Mostrata nelle interessanti diapositive che hanno illustrato la conferenza, anche l’immagine di una statua femminile – Artemide Colonna – riportata alla luce nel 1793 durante uno scavo autorizzato dalla famiglia Colonna e oggi conservata a Berlino presso l’Altes Museum. Interessante l’approfondimento della De Santis sui cinque Cippi dell’Aqua Augusta, sui quali sono incise sigle e cifre romane: scoperti nel bosco sottostante i Campi di Annibale durante alcuni tagli boschivi e studiati nel 1872 dall’archeologo Giovan Battista De Rossi (fratello del sismologo Michele Stefano) tali reperti dell’Aqua Augusta risultano attualmente dispersi: in tufo locale, posti come confini o margini lungo il corso degli acquedotti, il De Rossi associandoli a una sorgente, incentrò la sua attenzione sulla fonte posta in località Pentima Stalla, dove convogliavano, come già accennato, anche acque provenienti dai Campi di Annibale. Se ne occuparono successivamente anche gli archeologi Rodolfo Lanciani, Giuseppe Lugli e Luigi Canina, postulando che l’Acqua Augusta fosse diretta verso Albano, passando per Palazzola – dove il Lanciani ipotizza alimentasse la villa di Augusto – , collegandosi ad altri bacini – i Cisternoni – in un’area dove saranno costruiti i Castra Albana di Settimio Severo.

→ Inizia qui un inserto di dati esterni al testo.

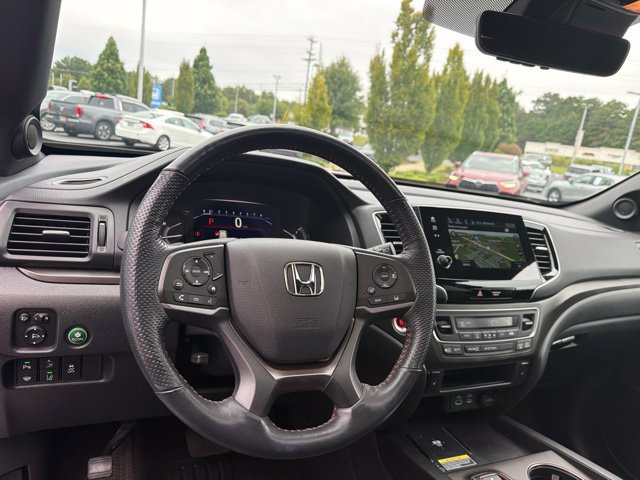 Certified 2025 Honda Passport TrailSport image 17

Nel corso della sua ricerca archeologica la dott.ssa De Santis, analizzando le tecniche e le caratteristiche strutturali degli Arcioni e operando un confronto con edifici presenti nel Lazio e nella Campania, fa risalire l’opera romana presente a Rocca di Papa all’inizio del III secolo d.C.
Realizzate durante il suo studio due carte nelle quali illustra e paragona le varie ipotesi degli studiosi che nel tempo si sono occupati dell’acquedotto degli Arcioni, ipotizzando anche strategie adattate a un collegamento che permettesse all’acqua di defluire tra le diverse quote altimetrice di Palazzola e dell’Acquedotto stesso: un sistema idraulico con un principio simile a quello dei vasi comunicanti, detto sifone rovescio che ovviava alla necessità di una conduttura “in salita”.

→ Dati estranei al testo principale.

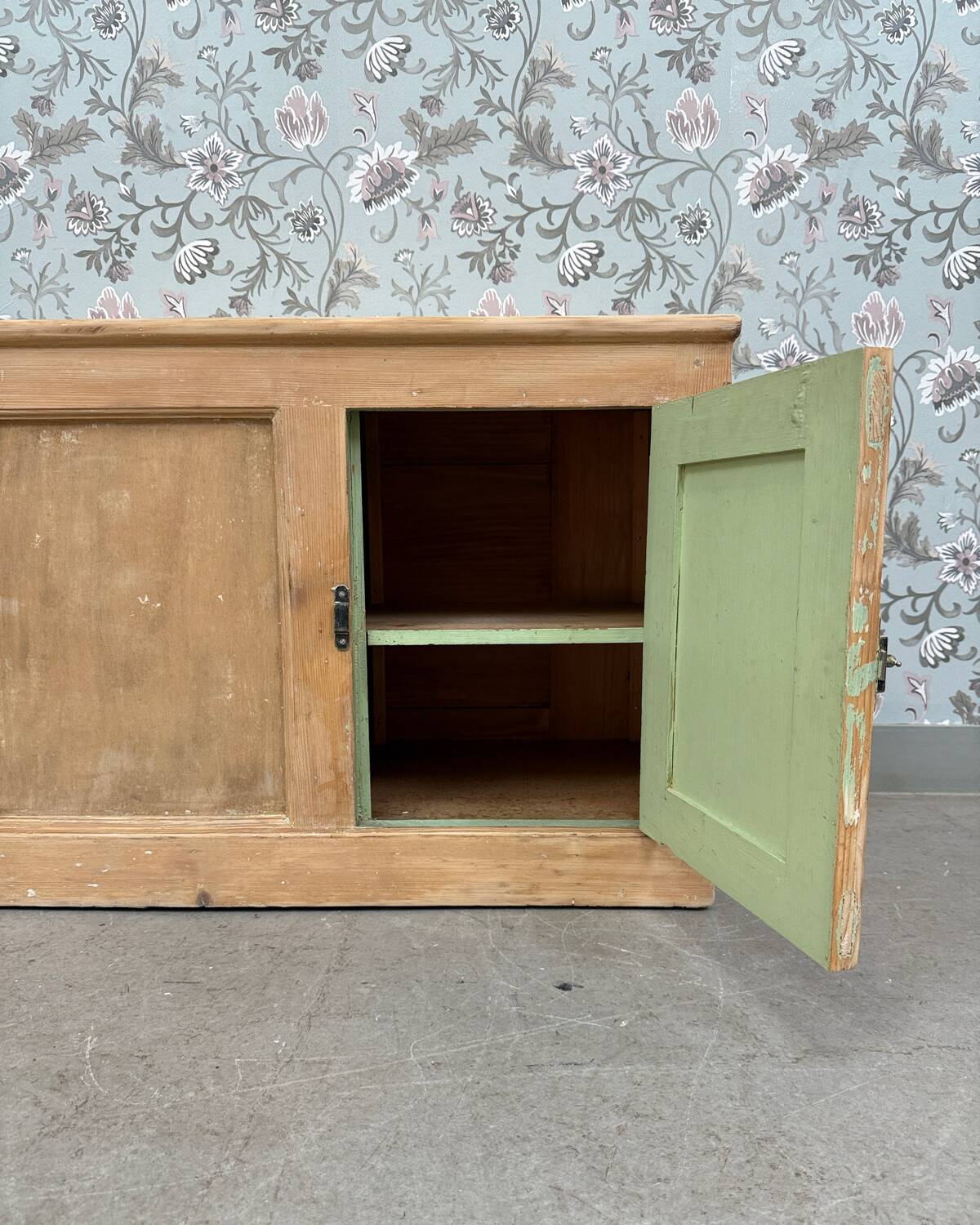 Buffet bas de campagne, rénové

Altra ipotesi alternativa – spiega la De Santis -, che l’acquedotto convogliasse l’acqua in una zona poco distante, detta Grotte dell’Acqua dove era presente un’ampia costruzione, probabile cisterna.
Il dipinto di un’incontaminata Valle degli Arcioni realizzato nel 1862 da Helmut Hottenroth, segnalatole da Carlo Guarinoni chiude l’interessante incontro con un significativo ringraziamento della relatrice a tutti coloro che le sono stati vicini e hanno offerto preziosi contributi alla ricerca storica, archeologica, geologica. Citati nella sua tesi di laurea corredata di un’approfondita bibliografia Francesco Casciotti, Cinzia Barbante, Carlo Cofini, Claudio Santangeli, Franco Arietti, Carlo Guarinoni – il Relatore Professor Marco Fabbri e il correlatore Dott.ssa Claudia Tozzi.
Un lavoro di ricerca terminato durante la pandemia, meritatamente valutato con il massimo punteggio e la lode: conclude Rosa, ringraziando tutti i presenti, un lavoro che apre ad altri approfondimenti, ma soprattutto che alimenta sempre più la consapevolezza che il nostro territorio vada sempre più riscoperto, valorizzato e rispettato con l’obiettivo di tramandare alle future generazioni l’orgoglio d’una comunità coesa e impegnata al recupero della storia, dell’ambiente e del rispetto della natura.